= John T. Skelly =

Journalist on Latin American affairs (1927 – 2016)

John T. “Jack” Skelly (June 1, 1927 – November 8, 2016) was a journalist who wrote for a number of news organizations focusing primarily on Latin America and served for a brief period in 1959 as Fidel Castro’s international press coordinator.

== Early life ==
Jack Skelly was born to American parents of Irish descent in the Dominican Republic. The family moved to Cuba a year later where his father, George Martin Skelly, was head of the railroad department for the United Fruit Company. He spent his formative years in the town of Banes where Castro’s first wife, Mirta Diaz-Balart, was a neighbor, close childhood friend, and later a mutual teenage crush. Jack Skelly attended high school at Mount Saint Joseph High School in Baltimore, Maryland, followed by a two-year stint the United States Army where he was stationed in Austria and Germany. He then attended George Washington University where he obtained a degree in journalism.

== Journalistic career ==
Skelly was in Cuba on assignment for United Press when the Batista regime collapsed and Fidel Castro came to power in January, 1959. He was at the home of the then ex-Mrs. Castro watching on television as Fidel rode triumphantly into Havana on a Sherman tank. He recalled Mirta telling him, “If he’s as good a leader as he was a father and husband, poor Cuba.”

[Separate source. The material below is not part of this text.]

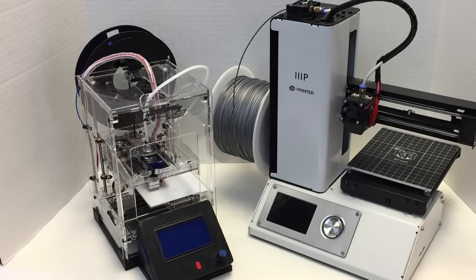If you want to see something printed on one of these Mini printers, leave it in the comments below. If you want to see more of this, support us on Patreon. I'll see you next time.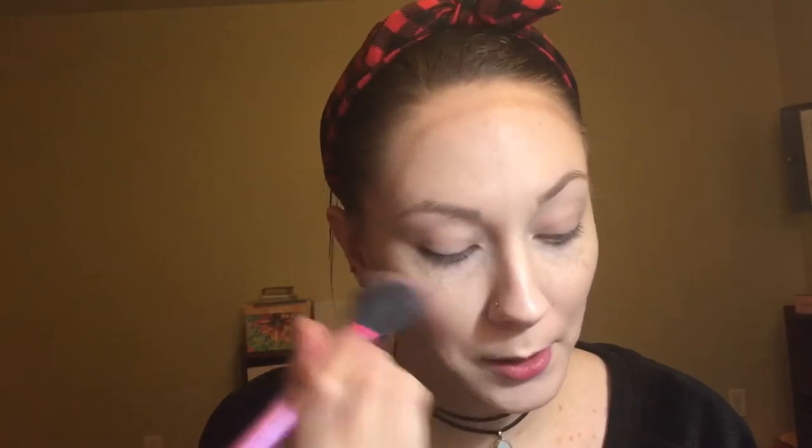I'm going to go in with some pretty purpley blush. I hope this isn't too bad. I don't know, maybe I should have gotten a bolder blush color. I don't know if this will really show up for you guys, but the iPhone 6 camera is pretty great — like, too good. I'm afraid I'm going to look like total shit on this.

Castro, who was unprepared to handle the glare of the international media spotlight, noticed Skelly, whom he had met ten years earlier through Diaz-Balart, in the incomprehensible scrum of English-speaking reporters and requested his help. Skelly assisted with translations and subsequently resigned his position at United Press to handle international press relations for Castro. He was at Castro's side for the January 11, 1959, appearance on Face the Nation from Havana, quietly translating some of the questions and answers, which Castro provides in struggling English. Skelly, initially hopeful that the new government would usher in an era of democratic reforms, quickly grew disillusioned with course the revolution had taken and left the island permanently, becoming a harsh critic of the Castro regime.

== Later life ==
Skelly served as an advisor and speech writer for 13 U.S. Republican and Democrat presidents.

At various times during his career, Skelly was a correspondent for the now defunct Washington Star, a publicist for the Pan-American Coffee Bureau, and a special assistant to two Secretaries General of the Organization of American States. He was also Washington Bureau Chief for Puerto Rico’s largest newspaper, El Nuevo Dia. He died on November 8, 2016 in Fort Lauderdale, Florida, just seventeen days before Castro would die himself.

== Personal life ==

He married Lucy Alexander Freeman in 1953, with whom he was to father seven children: Annee Hayden Skelly Reed Rhodes Martin, John Thomas Skelly Jr, Elizabeth "Beth" Skelly Borgman, Patricia "Patti" Mary Skelly Grove, Christopher Martin Skelly, Lucy "Rita" Alexander Skelly Maranda Brown, and Louis Joseph Skelly (Feb 16, 1961 – June 10, 1991). He was also the grandfather of Andrew Howard Weilgus, Thor Daniel Grove, Patrick Ransom Borgman, Jessee Maranda, Benjamin Reed, Eric Steven Grove, Douglas James "Jamee" Borgman, Marguerite Colleen Borgman Allen, Louie Jackson Maranda Brown, and the great grandfather of Lilly Reed, Hayden Reed, Liam Maranda, Trevor Maranda, Ava Rose Weilgus, Connor James Borgman, Mason Alexander Borgman, and Dagne Grove. He referred to himself as an “American Cuban,” or one of the more generic “bamboo Americans”, children born of American parents who grew up in Latin America.